INFORMATION SUPPLIED ▸
*** Begin section ***
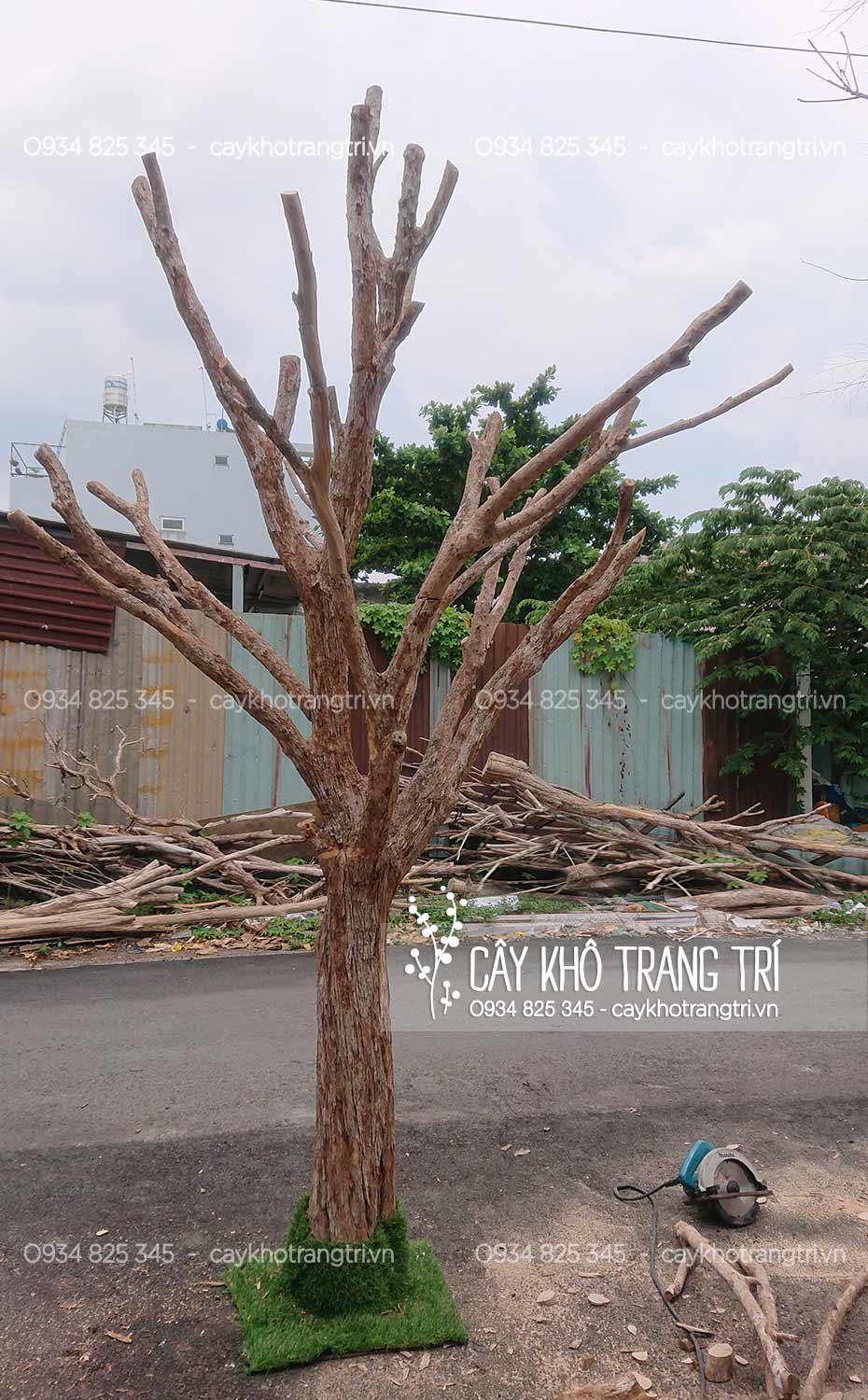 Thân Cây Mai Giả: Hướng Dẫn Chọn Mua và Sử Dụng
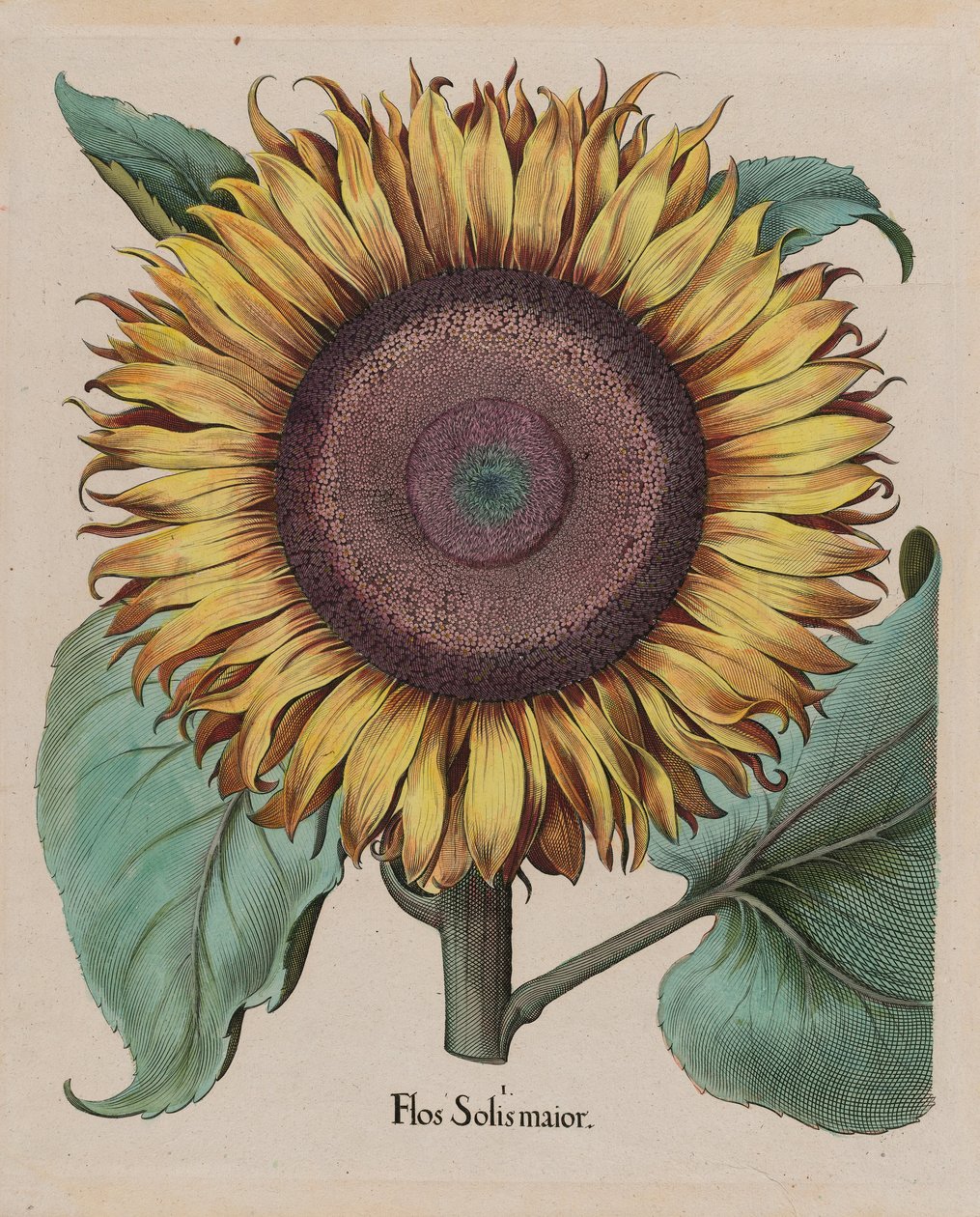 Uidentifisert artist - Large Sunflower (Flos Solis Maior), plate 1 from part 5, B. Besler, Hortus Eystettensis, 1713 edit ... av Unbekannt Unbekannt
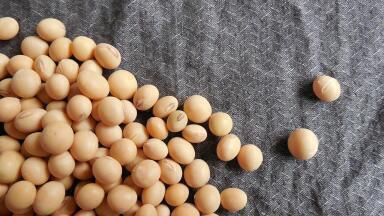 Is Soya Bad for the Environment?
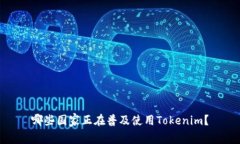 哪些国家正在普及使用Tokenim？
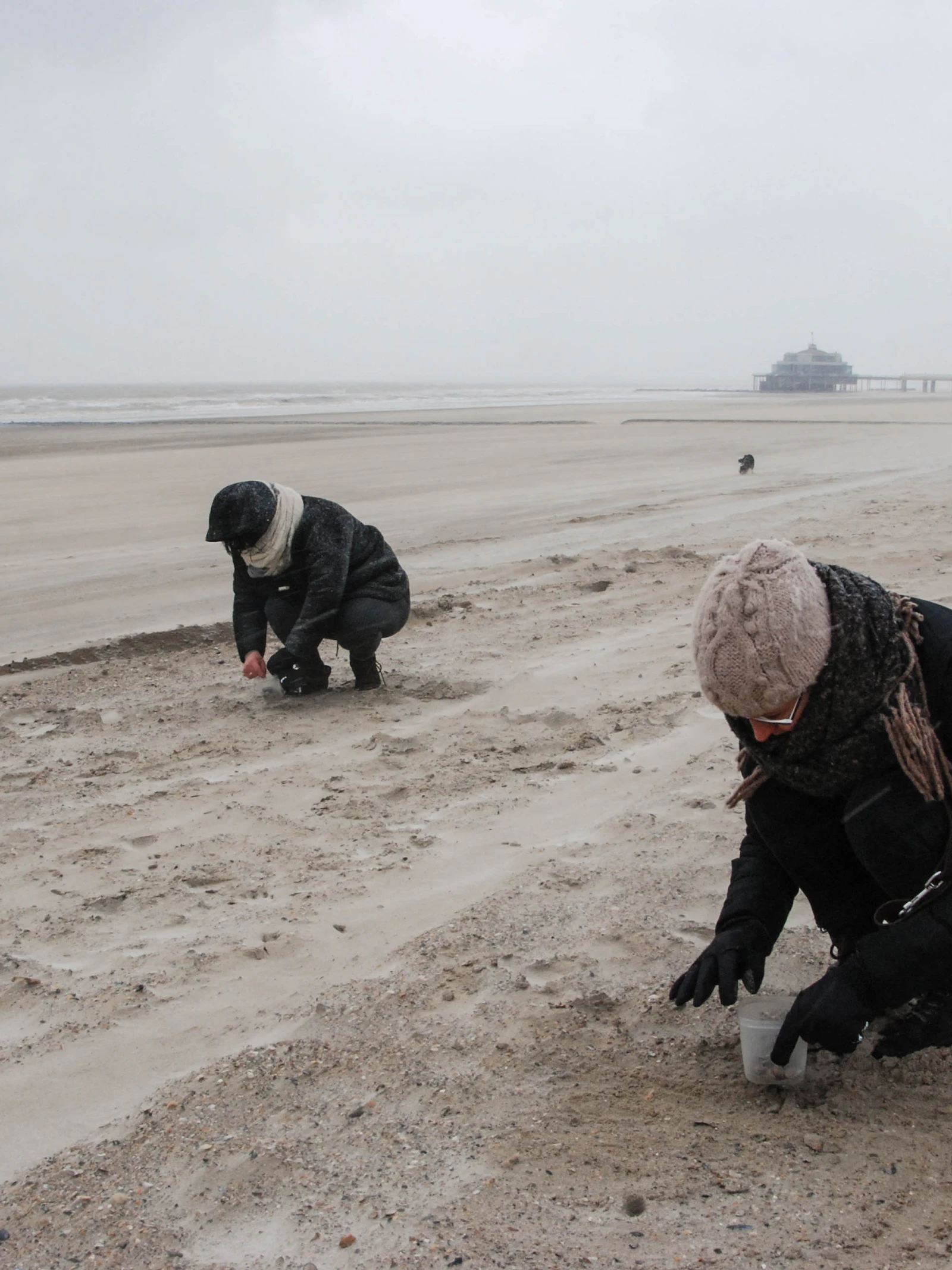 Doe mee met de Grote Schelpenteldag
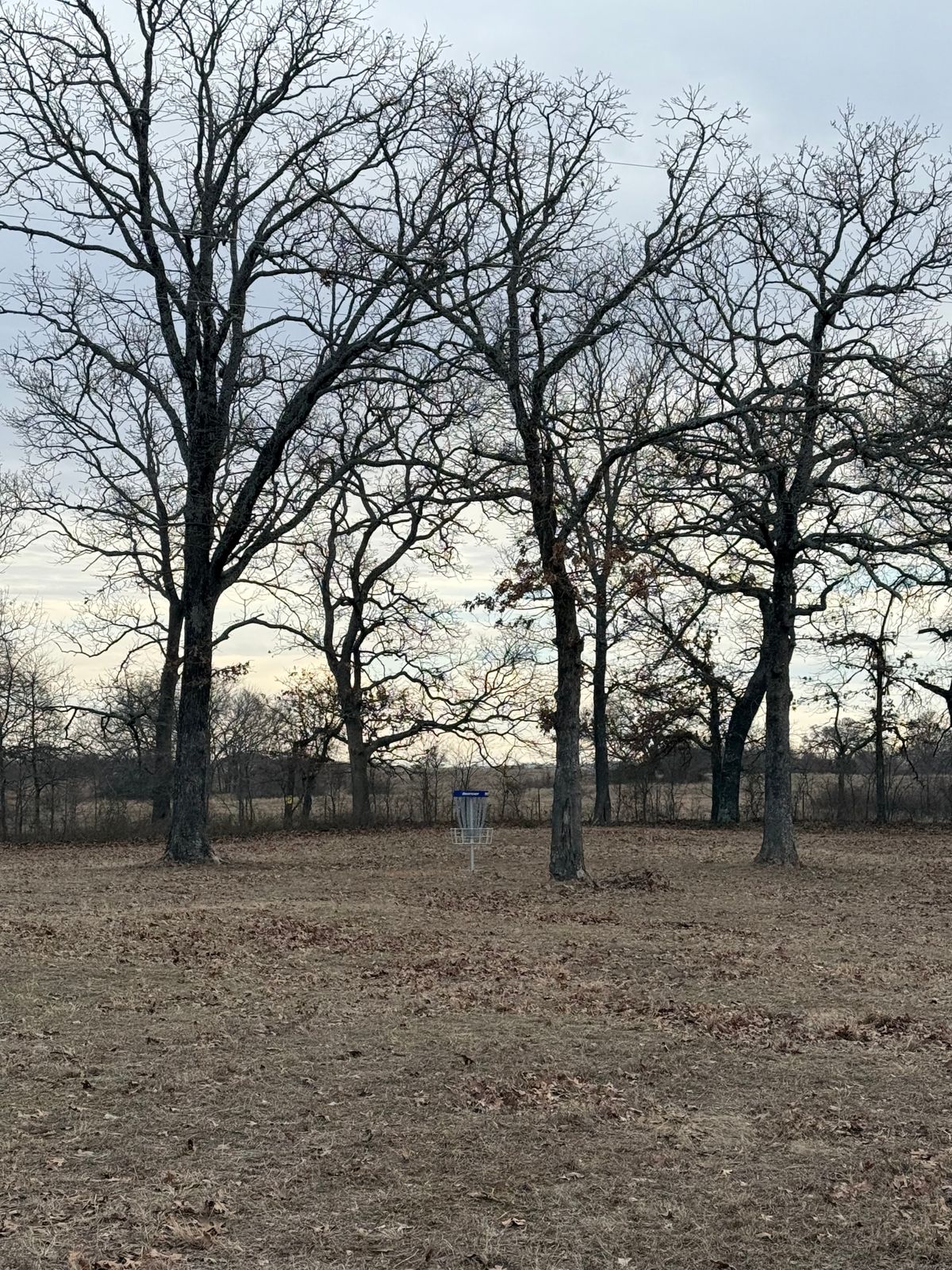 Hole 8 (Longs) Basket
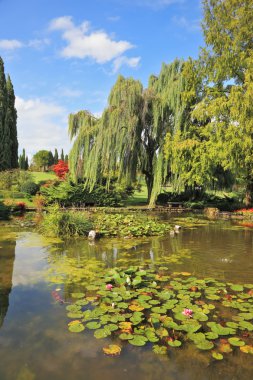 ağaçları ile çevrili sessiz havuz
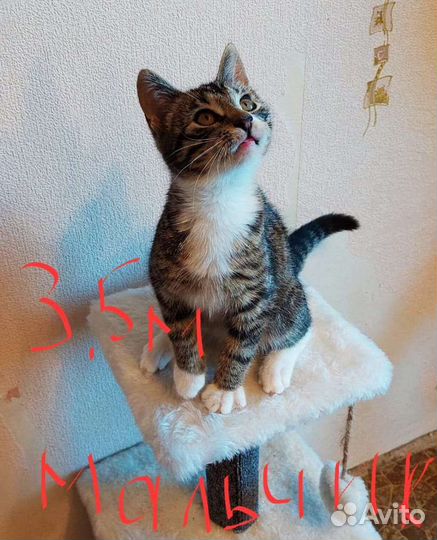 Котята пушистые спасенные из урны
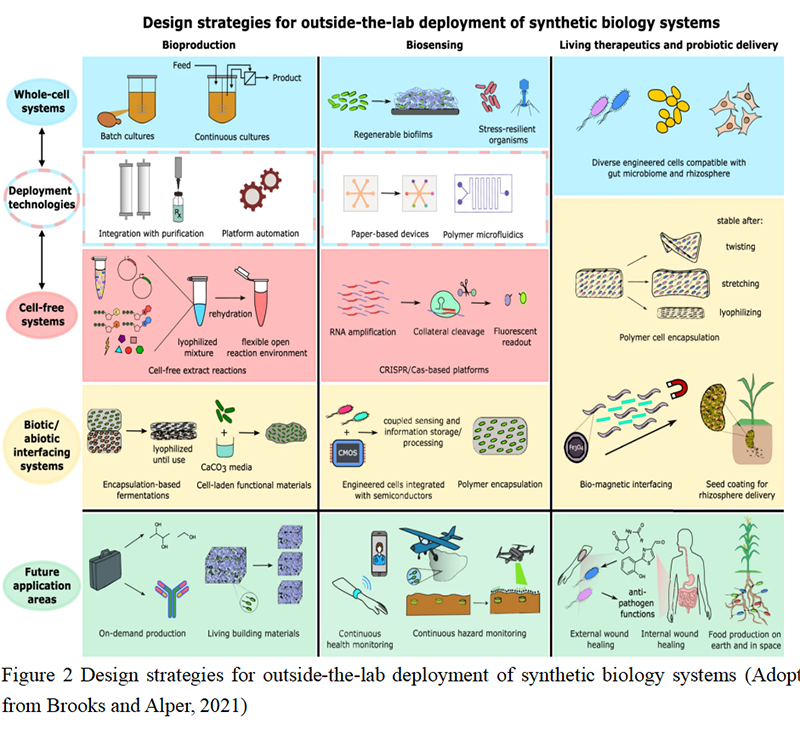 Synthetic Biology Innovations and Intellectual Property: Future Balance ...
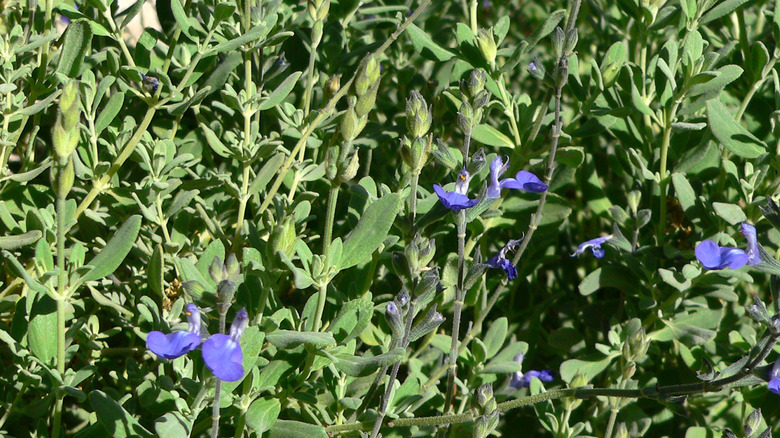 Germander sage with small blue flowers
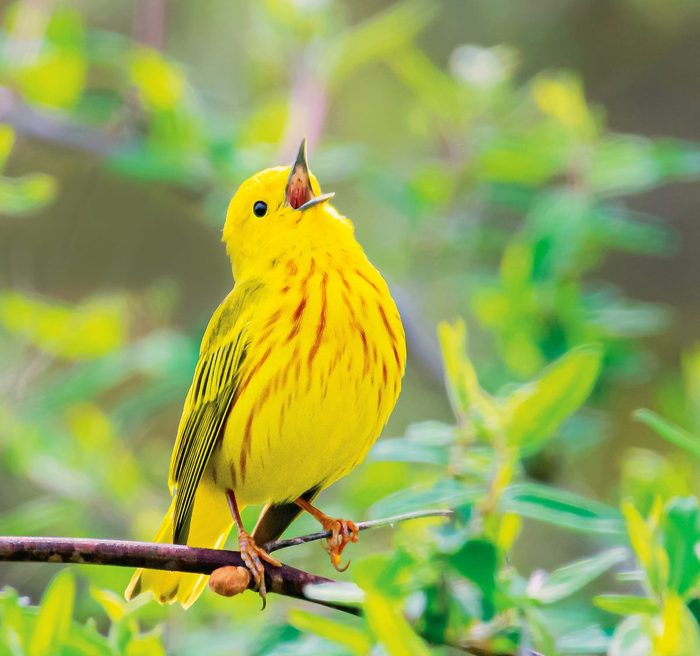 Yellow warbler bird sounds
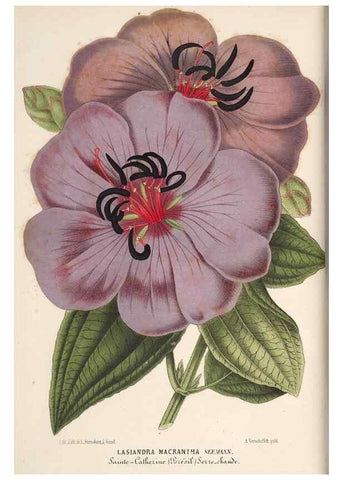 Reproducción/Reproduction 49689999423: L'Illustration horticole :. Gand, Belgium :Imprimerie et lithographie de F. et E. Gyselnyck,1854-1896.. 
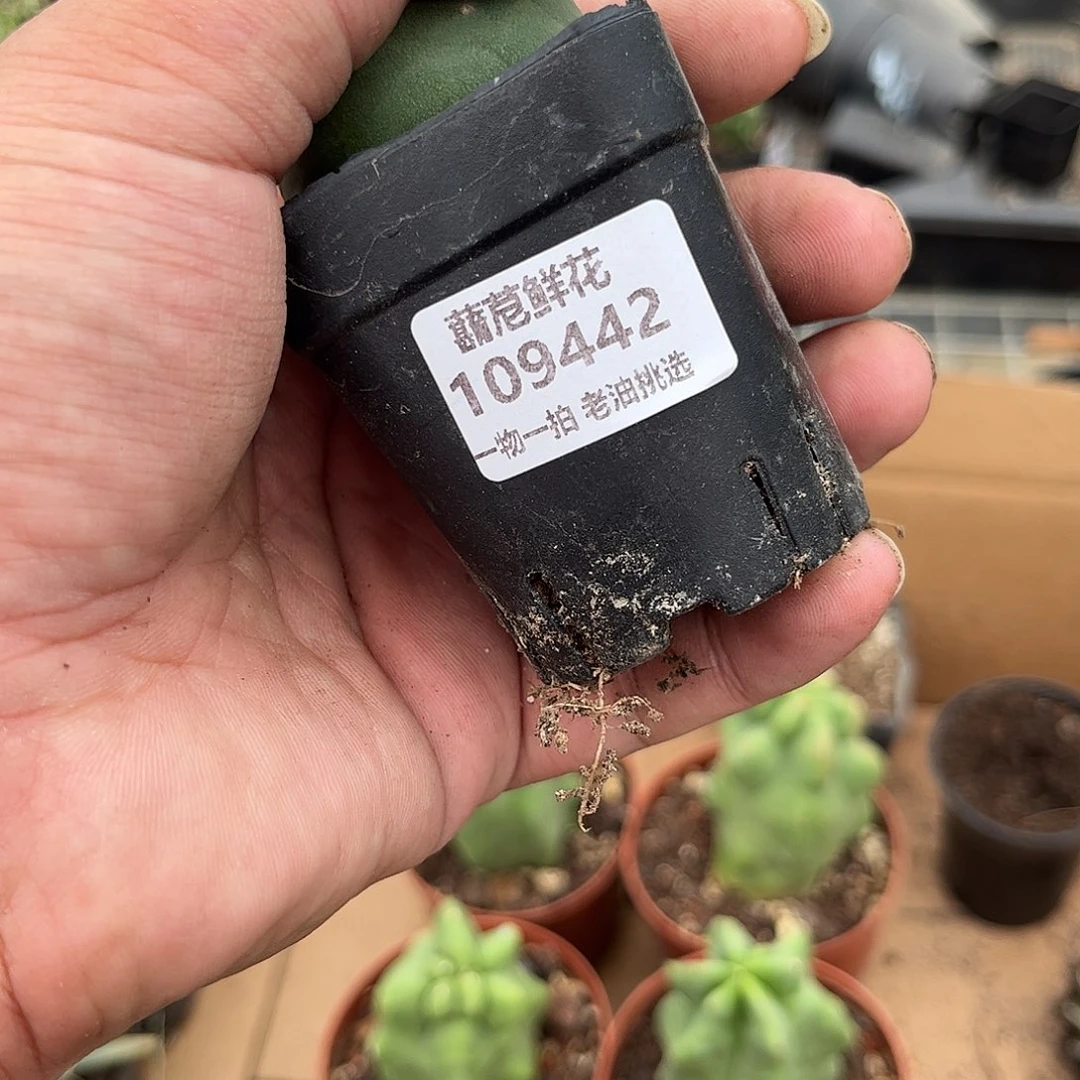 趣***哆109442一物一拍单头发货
*** End section ***
For each record above, write it out exactly and omit any picture.

 Thân Cây Mai Giả: Hướng Dẫn Chọn Mua và Sử Dụng
 Uidentifisert artist - Large Sunflower (Flos Solis Maior), plate 1 from part 5, B. Besler, Hortus Eystettensis, 1713 edit ... av Unbekannt Unbekannt
 Is Soya Bad for the Environment?
 哪些国家正在普及使用Tokenim？
 Doe mee met de Grote Schelpenteldag
 Hole 8 (Longs) Basket
 ağaçları ile çevrili sessiz havuz
 Котята пушистые спасенные из урны
 Synthetic Biology Innovations and Intellectual Property: Future Balance ...
 Germander sage with small blue flowers
 Yellow warbler bird sounds
 Reproducción/Reproduction 49689999423: L'Illustration horticole :. Gand, Belgium :Imprimerie et lithographie de F. et E. Gyselnyck,1854-1896.. 
 趣***哆109442一物一拍单头发货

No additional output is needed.